Jaime Martínez Veloz
Paulina y El Niño

En la descripción de una tragedia que no debió tener esa magnitud, se va conociendo el enorme desamparo de ser pobre y de no contar con instituciones a la altura ya no digamos de la exigencia de los ciudadanos, sino de la preservación de la vida.

Las cifras se disputan las páginas de los diarios y en el escepticismo de aquellas llamadas oficiales se sospecha la subestimación de los daños y las muertes. Hace unos días, la Cruz Roja reportaba cerca de 2 mil desaparecidos. Datos extraoficiales mencionan más de 500 muertos y más de medio millón de damnificados en los estados de Guerrero y Oaxaca. Los daños materiales a las vías de comunicación, las cosechas, las casas y otros no han sido cabalmente cuantificados. Lo más dañado fue la credibilidad en aquello que tal vez de manera inexacta se denomina Sistema de Protección Civil.

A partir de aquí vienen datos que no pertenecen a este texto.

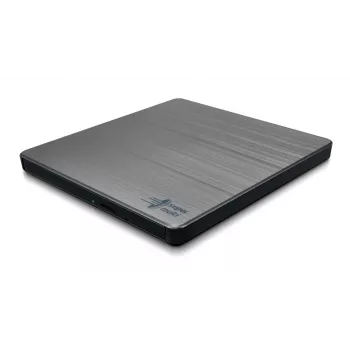 HITACHI-LG DATA STORAGE cienki Portable DVD-writer - Gp60nw60 - USB 2.0 - srebrny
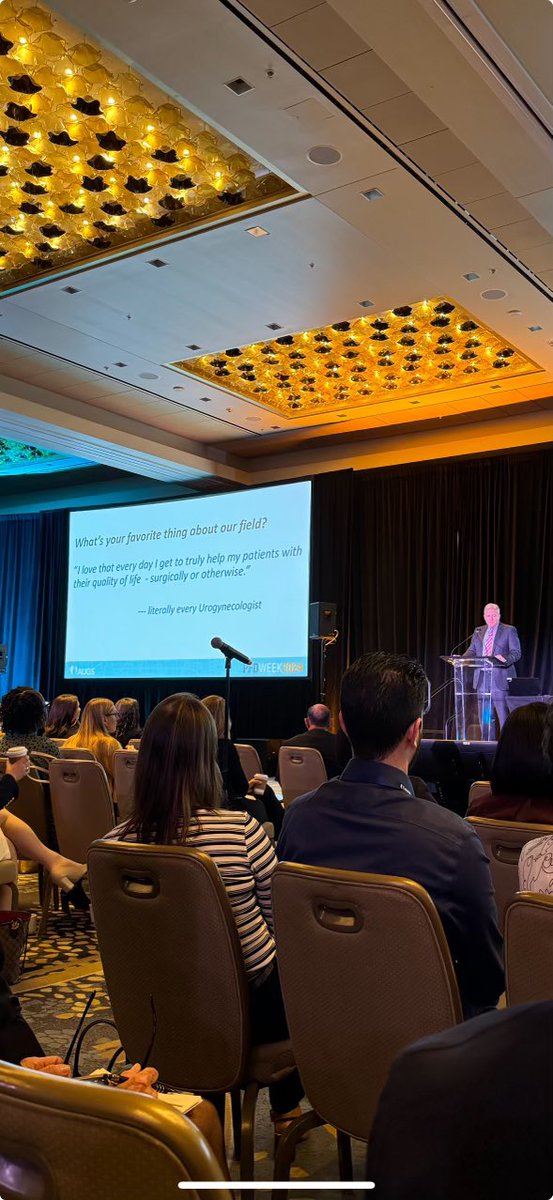 This why #urogynecology is the best field! #PFDWeek2024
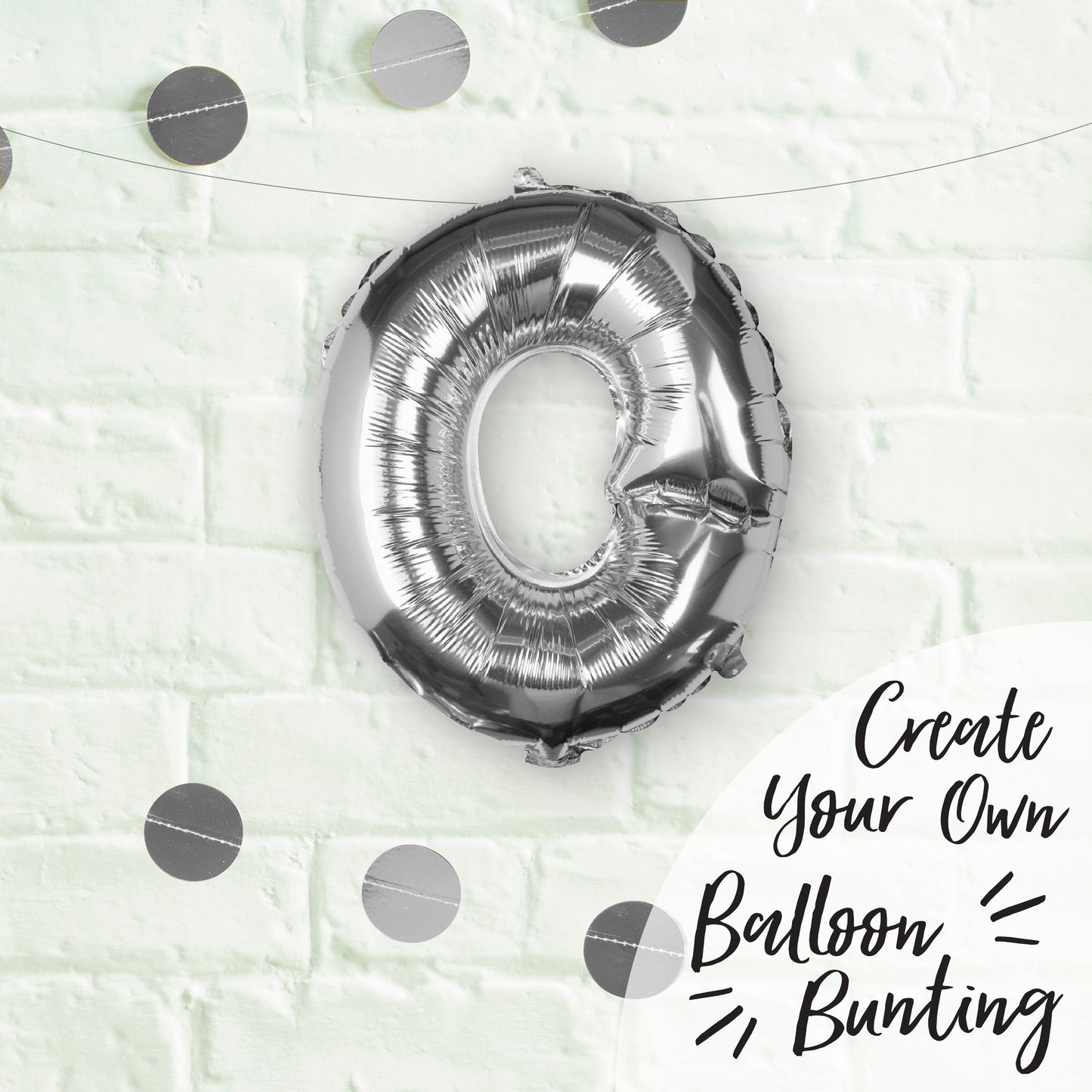 Silver Foil Letter Balloons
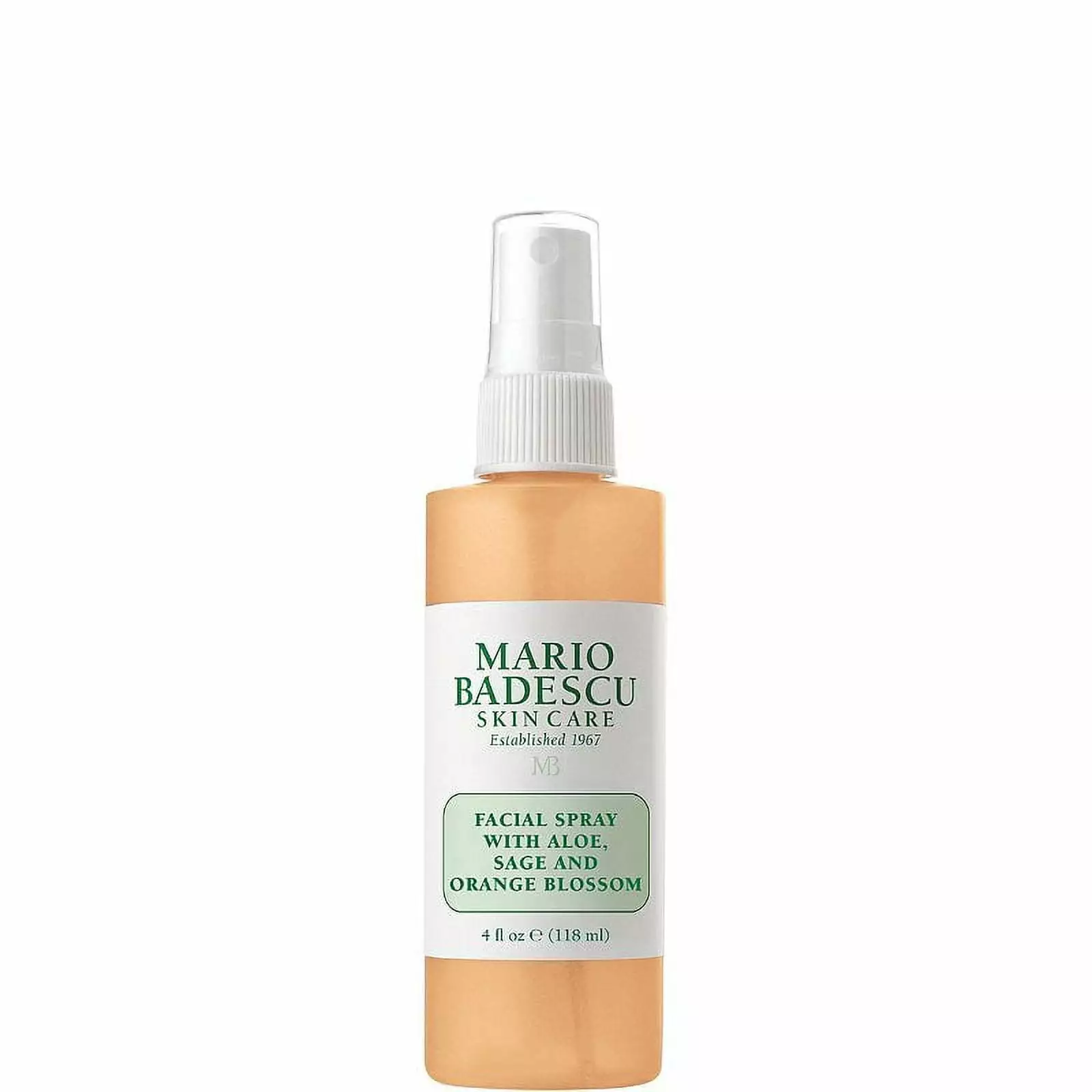 Mario Badescu Facial Spray Skin Care Toner with Aloe Sage and Orange Blossom. 8 fl oz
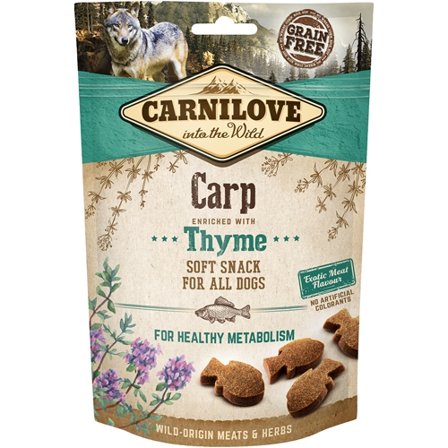 Carnilove Dog Semi Moist Snack Carp, 200g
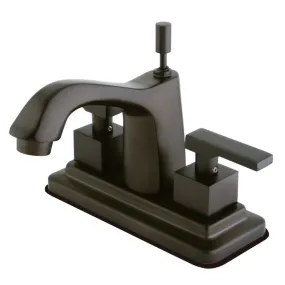 Kingston Brass KS8645QLL 4 in. Centerset Bathroom Faucet, Oil Rubbed Bronze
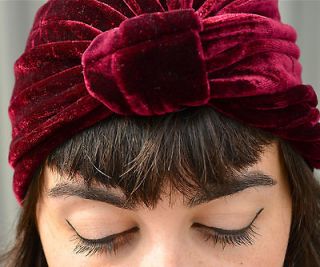 Velvet Turban 6 Colors Gypsy Vtg Headband Knot Tie Band Fashion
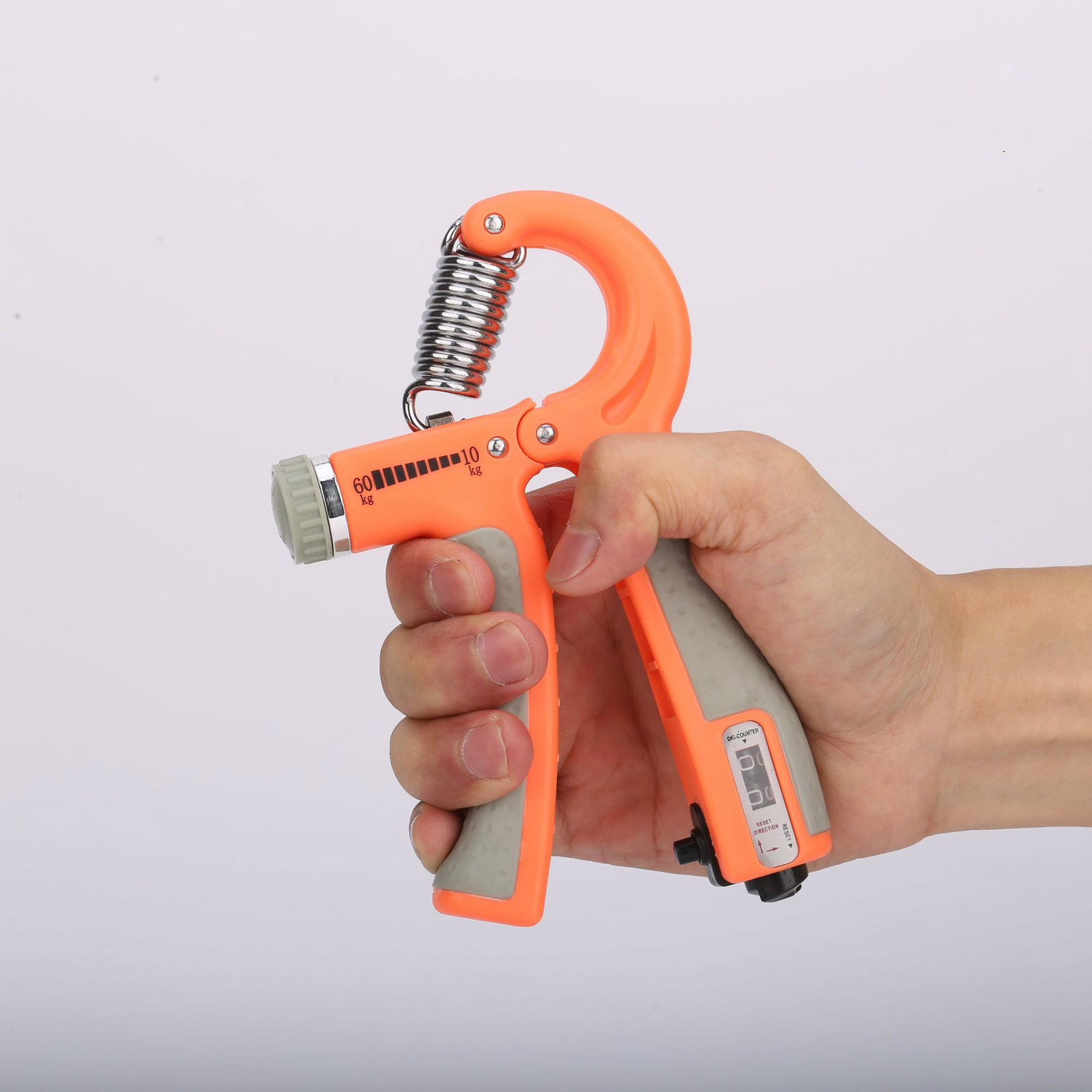 Hand Grips RShape Adjustable Countable Grip Strength Exercise Strengthener Gripper Spring Finger Pinch Carpal Expander 230406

Más allá de las cifras están, de nueva cuenta, los dos Méxicos: el que no termina de nacer y el que se resiste a morir. Por un lado, el México que habla de los saldos y efectos de Paulina como si la furia de una deidad demoniaca se hubiera cebado, incontrolable e imprevisible, sobre Oaxaca y Guerrero. Este es el México del no hay responsables, nunca los hay, sólo situaciones lamentables. Es el país de algunos funcionarios que aseguran que hubo pocos muertos. (¿Cuántos hubieran sido suficientes? ¿Cuál es la cuota de sangre que habrá que pagar para que se den cuenta de que es indispensable revisar el famoso sistema de protección civil? ¿Con qué cara se le dice esto a las personas que perdieron seres queridos, y además todo lo que tenían?)

Por el otro lado, afortunadamente, está el México de la solidaridad; el que no espera y se moviliza y organiza para ayudar a los hermanos en desgracia. Aquel que no se detiene, abre brecha y muestra el camino.

La iniciativa privada también muestra sus dos caras: empresarios que se organizan solidariamente para captar y canalizar ayuda, y comerciantes voraces que suben los precios y medran con el hambre y la desgracia.

Los medios de comunicación tampoco están exentos de esta doble faz. Algunos van en pos del rating facilón. Otros responsablemente buscan la verdad detrás de los sucesos. Encuentran explicaciones y las ofrecen. Las conclusiones están a la vista.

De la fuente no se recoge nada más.